Se Carlo Debenedetti (il vero cognome all’anagrafe) avesse seguito alla lettera gli insegnamenti del suo illustre predecessore, non staremmo qui a scrivere sull’ennesima gaffe di chi non si rassegna al tempo che scorre inesorabile.
Ma ogni volta che si esprime è un profeta di sconfitte. Ha rivendicato di essere stato decisivo nella designazione di Francesco Rutelli a candidato premier nel 2001, nonché sponsor di Walter Veltroni nel 2008, per poi promuoverne la leadership dell’amorfo ed esangue Partito democratico. Sorvolando sulle acrobazie linguistiche e sulle vicende giudiziarie di cui è stato protagonista, come le tangenti da 10 miliardi di lire pagate nel 1993, all’acme di tangentopoli, ai partiti di governo per ottenere commesse dalle Poste italiane, subendo la misura cautelare agli arresti domiciliari disposta dal gip Augusta Iannini (moglie di Bruno Vespa), il signor Debe non è nuovo a cervellotiche affermazioni. Talmente volgari e imbarazzanti da suscitare la reazione dei figli e della nuora, la giornalista Ferrari.

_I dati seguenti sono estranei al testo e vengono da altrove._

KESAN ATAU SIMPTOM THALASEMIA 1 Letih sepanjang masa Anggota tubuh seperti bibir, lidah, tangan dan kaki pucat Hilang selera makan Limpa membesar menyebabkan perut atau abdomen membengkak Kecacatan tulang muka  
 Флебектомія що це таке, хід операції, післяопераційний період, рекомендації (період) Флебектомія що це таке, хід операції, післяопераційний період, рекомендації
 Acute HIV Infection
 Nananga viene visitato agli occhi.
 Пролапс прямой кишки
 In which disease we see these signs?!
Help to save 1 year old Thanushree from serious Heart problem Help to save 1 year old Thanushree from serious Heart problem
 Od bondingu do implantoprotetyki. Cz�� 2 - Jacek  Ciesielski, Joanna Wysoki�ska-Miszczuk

Ma forse la fotografia più nitida di Carletto “sparafrottole” la scattò cinque anni fa il suo ex amico, Eugenio Scalfari, dopo che il puritano allievo di Agnelli lo criticò nella trasmissione “Otto e mezzo” su La7, definendolo in pratica “rimbambito”.
“De Benedetti ama Repubblica -la puntura di spillo del fondatore e direttore del quotidiano romano- come quegli ex che provano a sfregiare la donna che hanno amato male e che non amano più”.